Manciple apologized to Stephen for bringing him there.
‘We’ll try not to keep you longer than is strictly necessary, Mr Whalby. We have to do our job, you’ll appreciate that.’
Stephen shrugged. Manciple was looking at him in a way he didn’t like, as if he saw into his mind. It was perhaps the most intelligent look any of these policemen had ever worn in all his encounters with them. It was a look of enlightenment. Stephen moved his eyes away.

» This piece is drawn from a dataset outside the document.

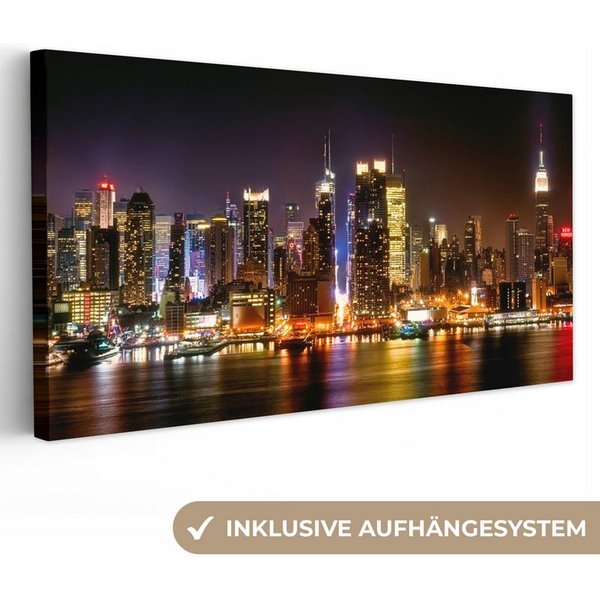 OneMillionCanvasses® Leinwandbild Panorama New York - Skyline - Farben, Fotodruck (1 St), Wandbild, Deko Schlafzimmer Wohnzimmer Flur 40x20 cm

Malm spoke. ‘Your car was seen twice in Thirlton during the weekend, Mr Whalby, once on Saturday night and once on Sunday evening, both times parked outside the village hall. Would you like to tell us what you were doing there?’
Stephen blustered a bit at first. He said it was no business of theirs. But everything, of course, was their business in a murder case. He couldn’t simply refuse to explain. After a while he admitted he had been to Thirlton and said he had been inside the village hall. It was a piece of luck for him, the merest chance, that when they asked him what had been going on there and he replied that it was a concert, he had guessed right.
Then Manciple wanted to know how well he had known Harriet Crozier.
‘I’d met her three times.’
‘Three times is ample to start a relationship,’ said Malm, adding, ‘at any rate, these days.’
Stephen wanted to laugh at that, it was so remote from any of the ideals or aims of his life, and he did feel a smile twitch his mouth.
‘Something amusing you?’ Malm asked.
‘I don’t have “relationships” with women. I’ve always been faithful to my wife.’
He felt that the dignity of this reply silenced them for a moment. Then Malm began talking of the nearness of Thirlton to the old pony level and Manciple, taking over from him, proceeded to give Stephen a straightforward and lucid account of how Harriet’s body had been brought and left there. He described with perfect accuracy what Stephen had in fact done, from his placing the body in the tunnel, having first ascertained that no car was visible on the road in either direction as far as the eye could see, to his parking the car in Thirlton and returning on foot to cut off the hair. Stephen was alarmed. He had to keep telling himself about the difference in the blood subgrouping and that he was safe.
Manciple said in his diffident apologetic way, ‘I don’t suppose you can remember what music was played at the concert.’